Although young Australians may seem on the surface to be the luckiest generation ever, they have patterns of mental health that suggest they might not have it so good after all, with a quarter of young Australians experiencing some form of mental health problem.

The idea of neatly defined generations has come to shape how we think about young people – as well as the not so young. This is both a good and a bad thing. Talking about generations is useful, for example, when it is used to recognise that the conditions that shape the thinking and actions of young people today, and will shape their adulthood and old age, are not the same as those that shaped the baby boomers. It is  counterproductive, however, to make sweeping claims, as Professor Twenge does, that feed the appetite for negative assessments of ”today’s generation”.

Young people in Australia may be focused on the task of navigating complex pathways, but this in itself does not make them a narcissistic generation.

The evidence before us is that Generation Y, if it can be said to exist, is shaped by diverse conditions across different parts of the world and, as you would expect, is responding to these conditions in equally diverse ways.

The profound events in the Middle East are being shaped by a generation of young people who want change, even at the cost of their lives.

Young people in Australia are also engaging with the circumstances of their times.
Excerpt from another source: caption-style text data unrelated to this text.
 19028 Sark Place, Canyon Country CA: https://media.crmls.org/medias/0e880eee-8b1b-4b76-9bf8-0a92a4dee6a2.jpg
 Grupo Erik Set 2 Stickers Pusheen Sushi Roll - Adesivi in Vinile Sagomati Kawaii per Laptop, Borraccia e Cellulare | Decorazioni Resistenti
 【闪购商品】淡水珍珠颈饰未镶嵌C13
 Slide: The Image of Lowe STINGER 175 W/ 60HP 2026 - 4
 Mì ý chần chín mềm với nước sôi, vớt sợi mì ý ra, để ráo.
The young people of Egypt, Australia and, no doubt, America, from where Twenge draws her data, are building their lives in radically different circumstances to those of their parents.
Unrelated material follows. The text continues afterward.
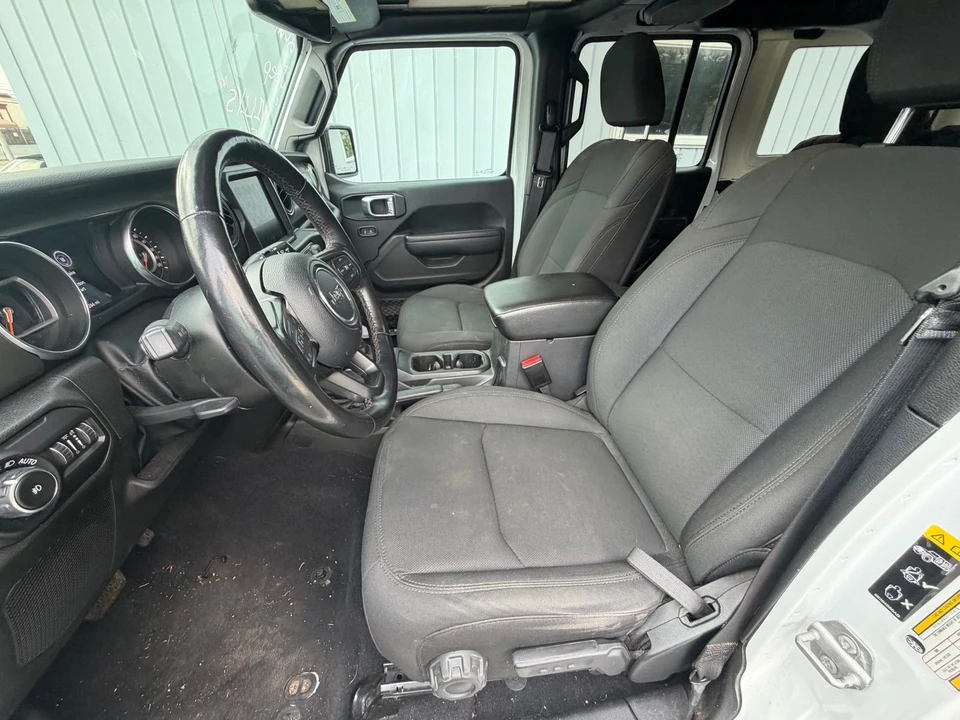 2021 Jeep JL Wrangler - Image 18 of 31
Yet while it is true to say that young people as a whole are living in changing times, this does not mean that it is the same world for all those classed as Gen Y, even within a single country such as Australia.

Dr Dan Woodman is a research fellow in the school of sociology at the Australian National University. Professor Johanna Wyn is director of the Youth Research Centre at The University of Melbourne.

Yes, the article was written few years ago and the main subject was on Aussies.

However, the points that delivered in the said article seems so relevant to us here in Malaysia – what you read shapes your mind.

Yes, we want change, we want for betterment.. but HOW?

Will street demonstration solve the issue? Is the street demonstrators are better than in many ways? How can we guarantee betterment if result is expected even before the seed is being planted and taken care accordingly?

These are the questions that we and the Gen Ys need to think. And more importantly, those having the influence on Gen Y also should be more responsible in giving hope, inspiration and direction to younger generation.

When I say those having influence, I meant for BN and PR politically, and elders and parents socially.

We have seen what has happened to those Middle East countries since the above article is written. Yes, “change” was the aim, but considering the method and patience (and passion) for change was driven by hate and anger, those countries are still in chaos.

So my dear readers, if we wish for a change, we must do it in the best possible manner and in best possible practice. Drive the change with positivity, not anger and hatred.

The first step toward change is awareness. The second step is acceptance.